Raw data:
- Opening Delimiter -

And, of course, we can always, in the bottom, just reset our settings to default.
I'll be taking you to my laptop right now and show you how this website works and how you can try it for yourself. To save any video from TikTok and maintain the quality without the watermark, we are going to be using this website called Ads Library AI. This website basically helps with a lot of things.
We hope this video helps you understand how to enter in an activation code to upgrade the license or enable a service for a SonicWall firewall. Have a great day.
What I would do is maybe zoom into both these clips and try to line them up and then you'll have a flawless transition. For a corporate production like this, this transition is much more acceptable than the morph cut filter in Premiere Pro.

- Closing Delimiter -
- Opening Delimiter -

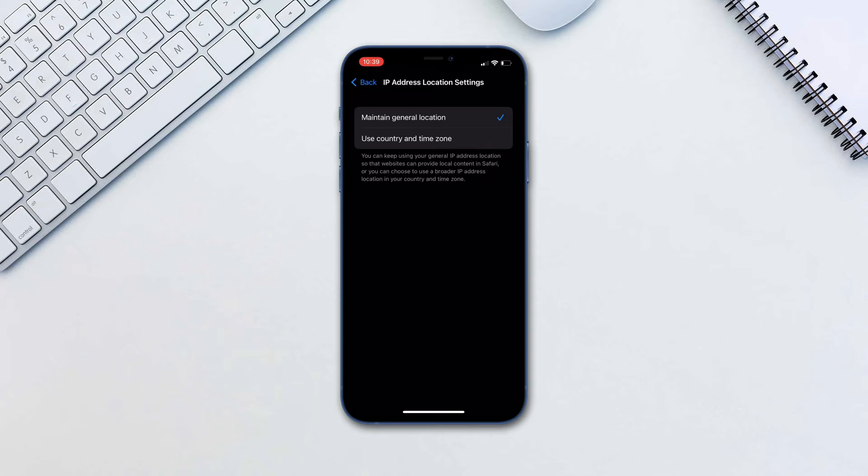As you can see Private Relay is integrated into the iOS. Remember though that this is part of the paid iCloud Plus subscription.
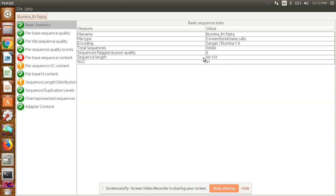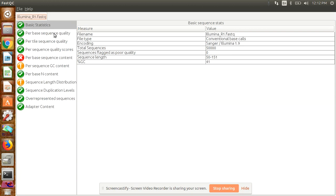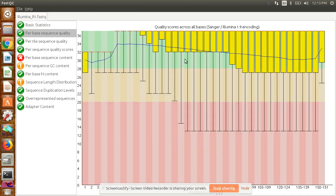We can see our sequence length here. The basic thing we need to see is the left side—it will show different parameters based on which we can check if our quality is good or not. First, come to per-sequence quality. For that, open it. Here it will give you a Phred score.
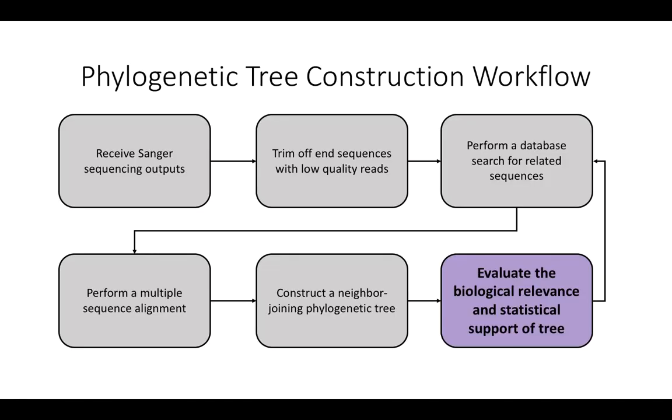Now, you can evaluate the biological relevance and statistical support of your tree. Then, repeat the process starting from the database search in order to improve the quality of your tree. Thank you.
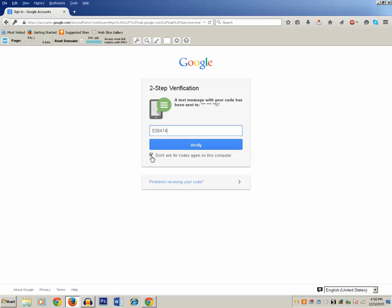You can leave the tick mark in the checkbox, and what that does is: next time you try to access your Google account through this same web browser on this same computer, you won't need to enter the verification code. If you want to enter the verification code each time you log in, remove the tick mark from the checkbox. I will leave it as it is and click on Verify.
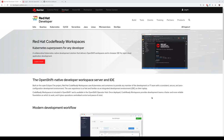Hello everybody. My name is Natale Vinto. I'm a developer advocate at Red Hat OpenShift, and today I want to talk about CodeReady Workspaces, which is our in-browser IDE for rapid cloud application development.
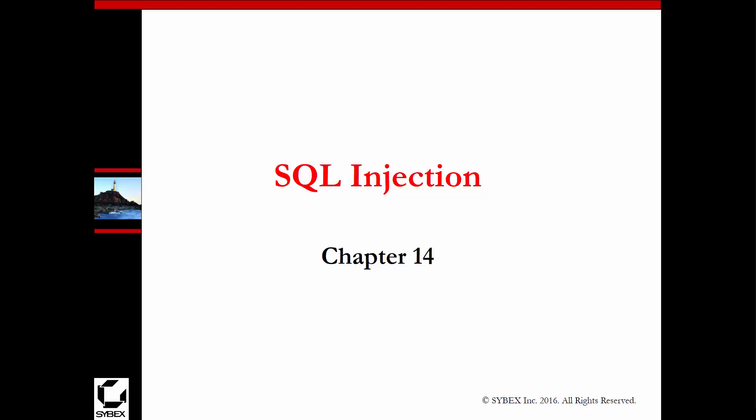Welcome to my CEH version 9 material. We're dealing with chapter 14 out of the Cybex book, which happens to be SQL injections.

- Closing Delimiter -

Description of the task: Nothing outside the stretch above, from the line with "Now, you can" through the line with "Welcome to my", is set down. Transcribe that stretch exactly, ends included, but not its pictures.

Task answer:
Now, you can evaluate the biological relevance and statistical support of your tree. Then, repeat the process starting from the database search in order to improve the quality of your tree. Thank you.
You can leave the tick mark in the checkbox, and what that does is: next time you try to access your Google account through this same web browser on this same computer, you won't need to enter the verification code. If you want to enter the verification code each time you log in, remove the tick mark from the checkbox. I will leave it as it is and click on Verify.
Hello everybody. My name is Natale Vinto. I'm a developer advocate at Red Hat OpenShift, and today I want to talk about CodeReady Workspaces, which is our in-browser IDE for rapid cloud application development.
Welcome to my CEH version 9 material. We're dealing with chapter 14 out of the Cybex book, which happens to be SQL injections.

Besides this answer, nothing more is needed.